Task:
Find the word "Used" in the records and copy every line where it occurs.
□ □ □ □ □ □ □
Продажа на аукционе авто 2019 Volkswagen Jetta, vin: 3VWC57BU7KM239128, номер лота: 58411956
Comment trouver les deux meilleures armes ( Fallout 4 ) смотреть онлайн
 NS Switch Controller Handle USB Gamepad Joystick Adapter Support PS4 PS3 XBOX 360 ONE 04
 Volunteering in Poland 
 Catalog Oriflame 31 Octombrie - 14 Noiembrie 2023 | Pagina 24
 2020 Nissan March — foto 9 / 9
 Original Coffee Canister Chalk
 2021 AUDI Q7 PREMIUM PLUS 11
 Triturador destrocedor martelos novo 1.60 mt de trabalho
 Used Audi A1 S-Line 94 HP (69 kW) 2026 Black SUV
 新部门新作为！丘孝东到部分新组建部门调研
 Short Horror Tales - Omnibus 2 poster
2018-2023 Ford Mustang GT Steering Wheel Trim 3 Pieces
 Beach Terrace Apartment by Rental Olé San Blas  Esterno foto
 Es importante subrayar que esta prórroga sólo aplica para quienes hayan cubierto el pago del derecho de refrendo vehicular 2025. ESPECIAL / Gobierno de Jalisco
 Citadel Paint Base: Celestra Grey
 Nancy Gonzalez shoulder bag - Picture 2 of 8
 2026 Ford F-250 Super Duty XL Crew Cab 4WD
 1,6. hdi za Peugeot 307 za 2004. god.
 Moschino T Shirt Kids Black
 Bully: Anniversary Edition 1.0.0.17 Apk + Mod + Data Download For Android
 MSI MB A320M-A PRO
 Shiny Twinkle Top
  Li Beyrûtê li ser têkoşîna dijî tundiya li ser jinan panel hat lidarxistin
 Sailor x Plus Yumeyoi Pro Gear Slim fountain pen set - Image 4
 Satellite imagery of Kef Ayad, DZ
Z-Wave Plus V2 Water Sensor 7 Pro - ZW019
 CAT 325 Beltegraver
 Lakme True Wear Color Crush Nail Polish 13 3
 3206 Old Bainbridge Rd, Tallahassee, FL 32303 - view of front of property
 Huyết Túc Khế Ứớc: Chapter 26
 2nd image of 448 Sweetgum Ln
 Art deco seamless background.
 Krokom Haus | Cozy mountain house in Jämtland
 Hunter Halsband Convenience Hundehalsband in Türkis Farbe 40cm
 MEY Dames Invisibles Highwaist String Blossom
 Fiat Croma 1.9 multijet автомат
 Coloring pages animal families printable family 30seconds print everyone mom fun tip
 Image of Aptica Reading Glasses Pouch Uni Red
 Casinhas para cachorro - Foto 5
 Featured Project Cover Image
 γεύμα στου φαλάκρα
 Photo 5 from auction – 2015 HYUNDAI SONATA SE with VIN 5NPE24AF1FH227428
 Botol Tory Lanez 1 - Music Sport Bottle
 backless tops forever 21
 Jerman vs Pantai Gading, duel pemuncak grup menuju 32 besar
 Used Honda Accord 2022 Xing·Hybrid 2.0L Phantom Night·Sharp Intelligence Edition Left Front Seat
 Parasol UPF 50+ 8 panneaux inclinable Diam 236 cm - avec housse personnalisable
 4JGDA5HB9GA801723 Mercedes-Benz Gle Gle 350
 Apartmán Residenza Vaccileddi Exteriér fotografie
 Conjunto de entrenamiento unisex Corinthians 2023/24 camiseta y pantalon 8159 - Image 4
□ □ □ □ □ □ □
Written solution:
 Used Audi A1 S-Line 94 HP (69 kW) 2026 Black SUV
 Used Honda Accord 2022 Xing·Hybrid 2.0L Phantom Night·Sharp Intelligence Edition Left Front Seat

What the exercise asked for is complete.